Maybe it’s the fact that this happened in a pre-YouTube/Twitter era, so it wasn’t immediately meme’d to death. It probably made your local news; maybe it was the last story of the night after sports and weather. It definitely made the rounds on Leno and The Daily Show. But Fabio showing up to promote a new roller coaster, then getting hit in the face by a goose is the funniest thing that has ever happened.

(I realize this was not funny for the goose. RIP goose.)

“I Can’t Believe It’s Not Bloodier” Photo: Steve Earley | The Virginian-Pilot

Think about everything that went into this. This happened in Virginia, not California, where I assume the spokesperson for I Can’t Believe It’s Not Butter lived at the time. So he had to be flown there, picked up at the airport, and presumably spend the night at the Williamsburg Embassy Suites, all so he could get hit in the face by a bird the next day.

The roller coaster is called Apollo’s Chariot, so it has some sort of Greek god theme, and Fabio has a lot of hair and muscles, so he kind of looks like a Greek god and that’s all the PR department at Busch Gardens needed. They also filled the roller coaster with women wearing white robes and fake laurel wreaths. What’s amusing, though, is Fabio is not wearing a costume. He looks like a manager at a Bass Pro Shops.

So, Fabio and the rest of the riders are all set to go. And off they go for the two minutes and fifteen seconds ride. Now, according to reports, he hit the goose on the first drop. That means he had to ride a roller coaster, which is supposed to be fun and thrilling, with the knowledge that a bird just exploded on his face. That is not an enjoyable way to ride a roller coaster! It has to be incredibly uncomfortable, painful and disgusting. Plus, you know there are TV cameras and photographers waiting for you. That’s a lot to take in for the next minute and a half.

Then the ride ends and the assembled media and Busch Gardens workers see what’s rolling in on Apollo’s Chariot. Their bloodied Greek god with his harem behind him in white, all covered in blood. Now, imagine you are standing there and see this happening in real time. You’ve never seen someone go on a roller coaster come back with a blood-soaked face, so it’s not like you’re going to immediately deduce what happened and say, “Oh, he hit a goose.”
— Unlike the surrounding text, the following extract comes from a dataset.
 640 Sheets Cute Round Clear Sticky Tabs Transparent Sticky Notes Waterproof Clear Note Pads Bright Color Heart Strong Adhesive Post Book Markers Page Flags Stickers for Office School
I mean, for the people waiting in that station, that had to be the biggest WHAT THE FUCK HAPPENS ON THIS RIDE?! moment. And for the people who work there who know that the ride does not normally include a face exploding part, what happened? Did he hit his face on the bar in front of him? Did one of the ladies put her arms up and mistakenly smash his nose? Does Fabio have a rare face-exploding condition when exposed to high speeds? Is there a paintball course nearby?

“Welcome back. Please remain seated until the ride has OH MY DEAR GOD!!!”

How there hasn’t been a Where Are They Now or podcast or oral history of this day, I will never know.

“We hit a goose. What fun!”

Look at the perfection in this photo. I want to know everything about everyone. When did they know a goose exploded on Fabio? How far back did the splatter go? Does the girl squinting in the second row know what happened? Because the girl directly behind Fabio sure looks like she knows what happened and it might be in her eyes or mouth. Of course the highlight of this photo (not counting Fabio) is the girl on the right who seems to be thrilled to meet Fabio. If you watch the video, you see she is doing her best to reassure him that everything is OK. She’s kind of the hero here, but in this photo, she just looks like she’s having the time of her life. Like, “Can you believe what luck? We hit a goose!”

And then there’s Fabio, who is just having that realization that all of these people are taking video and photos of him. It’s the sort of “oh, I’ve wasted my life” look on his face that kills me every time.

I don’t know why I think about this so often. But the combination of D-list celebrity, PR stunt, the fact that this almost never happens to anyone, and probably that they’re all wearing white. I mean, that’s really funny.

Again, RIP goose. And someone please make a movie about this day. Thank you.